Great article. Love his pricing system.


----------



## knottydoll (Aug 17, 2011)

Interesting...I love how he charges according to how many seasons of a show he watches. The word jealousy springs to mind when reading about his detractors eh? His work is great though, traditional but just off the wall to be interesting.


----------



## siouxann (Mar 5, 2011)

Sounds like a very interesting person.


----------



## siouxann (Mar 5, 2011)

knottydoll said:


> Interesting...I love how he charges according to how many seasons of a show he watches. The word jealousy springs to mind when reading about his detractors eh? His work is great though, traditional but just off the wall to be interesting.

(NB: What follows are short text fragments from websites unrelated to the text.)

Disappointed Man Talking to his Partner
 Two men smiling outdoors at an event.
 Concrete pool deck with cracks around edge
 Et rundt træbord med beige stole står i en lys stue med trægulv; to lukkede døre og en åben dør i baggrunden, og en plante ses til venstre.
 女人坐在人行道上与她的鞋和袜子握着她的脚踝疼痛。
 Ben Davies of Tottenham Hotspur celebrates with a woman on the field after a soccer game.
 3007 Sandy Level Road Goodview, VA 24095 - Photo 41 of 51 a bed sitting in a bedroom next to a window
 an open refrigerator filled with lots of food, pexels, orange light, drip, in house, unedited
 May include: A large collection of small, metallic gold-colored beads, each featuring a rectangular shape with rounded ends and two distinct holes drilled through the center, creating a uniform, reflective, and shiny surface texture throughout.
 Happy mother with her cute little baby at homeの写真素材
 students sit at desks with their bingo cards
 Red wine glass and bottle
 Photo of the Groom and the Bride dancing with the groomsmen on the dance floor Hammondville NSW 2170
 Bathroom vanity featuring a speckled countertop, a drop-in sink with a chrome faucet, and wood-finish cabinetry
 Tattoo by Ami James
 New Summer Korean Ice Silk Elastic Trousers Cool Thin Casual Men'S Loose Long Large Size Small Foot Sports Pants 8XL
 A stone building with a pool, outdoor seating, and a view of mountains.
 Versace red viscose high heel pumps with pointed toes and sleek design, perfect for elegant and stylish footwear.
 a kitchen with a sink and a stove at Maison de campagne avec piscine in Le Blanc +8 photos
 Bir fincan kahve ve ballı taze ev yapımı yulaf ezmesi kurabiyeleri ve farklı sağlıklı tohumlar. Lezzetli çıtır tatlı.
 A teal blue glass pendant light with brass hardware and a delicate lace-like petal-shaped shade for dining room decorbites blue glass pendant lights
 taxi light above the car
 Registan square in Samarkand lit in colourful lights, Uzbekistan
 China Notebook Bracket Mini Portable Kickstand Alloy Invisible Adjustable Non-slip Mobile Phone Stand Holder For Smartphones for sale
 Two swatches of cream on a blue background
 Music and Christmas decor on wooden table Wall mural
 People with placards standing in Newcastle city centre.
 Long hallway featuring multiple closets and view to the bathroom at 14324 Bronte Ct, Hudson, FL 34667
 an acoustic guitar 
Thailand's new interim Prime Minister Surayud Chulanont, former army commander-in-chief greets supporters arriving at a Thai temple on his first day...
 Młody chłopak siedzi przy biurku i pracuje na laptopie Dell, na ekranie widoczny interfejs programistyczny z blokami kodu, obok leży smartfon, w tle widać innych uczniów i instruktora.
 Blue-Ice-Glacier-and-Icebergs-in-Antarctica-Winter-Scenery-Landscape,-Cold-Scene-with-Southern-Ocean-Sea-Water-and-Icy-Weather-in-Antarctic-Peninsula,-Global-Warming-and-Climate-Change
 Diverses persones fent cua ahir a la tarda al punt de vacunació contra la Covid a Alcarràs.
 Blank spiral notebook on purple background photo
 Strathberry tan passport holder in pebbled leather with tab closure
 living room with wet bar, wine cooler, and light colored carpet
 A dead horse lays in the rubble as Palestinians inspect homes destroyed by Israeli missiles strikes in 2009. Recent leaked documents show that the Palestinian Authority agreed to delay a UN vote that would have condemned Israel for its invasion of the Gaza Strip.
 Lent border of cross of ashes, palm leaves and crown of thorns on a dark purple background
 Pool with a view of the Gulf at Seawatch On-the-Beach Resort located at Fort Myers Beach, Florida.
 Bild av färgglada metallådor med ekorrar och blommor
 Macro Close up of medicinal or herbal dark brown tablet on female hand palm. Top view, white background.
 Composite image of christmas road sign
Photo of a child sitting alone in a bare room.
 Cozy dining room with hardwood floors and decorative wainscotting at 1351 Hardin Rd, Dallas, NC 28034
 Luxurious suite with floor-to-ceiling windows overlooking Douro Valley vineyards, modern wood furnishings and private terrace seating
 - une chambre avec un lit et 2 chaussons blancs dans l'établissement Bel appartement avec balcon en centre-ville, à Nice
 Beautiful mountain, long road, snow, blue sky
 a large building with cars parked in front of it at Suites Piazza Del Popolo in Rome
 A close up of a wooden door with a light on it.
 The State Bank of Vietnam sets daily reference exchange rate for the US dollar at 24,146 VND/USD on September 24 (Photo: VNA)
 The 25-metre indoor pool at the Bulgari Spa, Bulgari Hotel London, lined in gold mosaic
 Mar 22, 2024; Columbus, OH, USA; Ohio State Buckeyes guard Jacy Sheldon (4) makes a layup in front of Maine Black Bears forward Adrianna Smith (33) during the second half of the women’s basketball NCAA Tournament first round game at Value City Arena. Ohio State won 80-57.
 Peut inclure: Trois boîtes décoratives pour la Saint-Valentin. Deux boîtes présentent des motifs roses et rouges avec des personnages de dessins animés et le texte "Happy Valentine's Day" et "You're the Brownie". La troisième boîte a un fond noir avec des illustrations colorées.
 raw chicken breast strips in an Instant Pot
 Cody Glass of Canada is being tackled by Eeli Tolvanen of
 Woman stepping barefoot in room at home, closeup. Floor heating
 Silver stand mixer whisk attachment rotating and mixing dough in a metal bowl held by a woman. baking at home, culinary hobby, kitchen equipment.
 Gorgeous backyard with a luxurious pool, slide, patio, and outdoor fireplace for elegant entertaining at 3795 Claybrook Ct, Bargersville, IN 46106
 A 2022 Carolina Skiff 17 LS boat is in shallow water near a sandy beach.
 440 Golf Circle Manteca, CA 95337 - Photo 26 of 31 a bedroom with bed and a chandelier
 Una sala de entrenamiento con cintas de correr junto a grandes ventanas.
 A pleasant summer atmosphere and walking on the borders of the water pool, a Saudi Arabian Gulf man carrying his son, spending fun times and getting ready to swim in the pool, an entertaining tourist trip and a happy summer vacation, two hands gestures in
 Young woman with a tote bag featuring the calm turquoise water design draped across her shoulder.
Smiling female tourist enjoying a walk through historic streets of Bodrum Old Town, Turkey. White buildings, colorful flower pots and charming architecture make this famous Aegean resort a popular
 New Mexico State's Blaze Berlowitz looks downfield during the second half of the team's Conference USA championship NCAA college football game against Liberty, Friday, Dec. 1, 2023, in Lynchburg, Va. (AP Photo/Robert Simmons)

 :thumbup: :thumbup: :thumbup:


----------



## Strickliese (Jan 6, 2012)

Very interesting, thanks.


----------



## run4fittness (May 22, 2011)

thanks for sharing


----------



## Lucille103 (Aug 14, 2011)

I like his stuff and nice to see some really nice things and not those weird ugly designs that seem to hit the runways.


----------



## patocenizo (Jun 24, 2011)

And grandpa never look like that either!! :lol: :lol: :roll: :roll:


----------



## anneevamod (Apr 16, 2011)

I love it! I wish scottielass had some good sayings for men knitters. I love that men knit!!!!!!


----------



## TAYATT (Mar 11, 2014)

Good article. Thanks for sharing.

Josh Bennett
http://www.knitrowan.com/news/josh-bennett


----------



## sanchezs (May 19, 2011)

TAYATT said:


> Good article. Thanks for sharing.
> 
> Josh Bennett
> http://www.knitrowan.com/news/josh-bennett


Thanks for the link. You could then link to the Rowan site and view some of his patterns which were great.


----------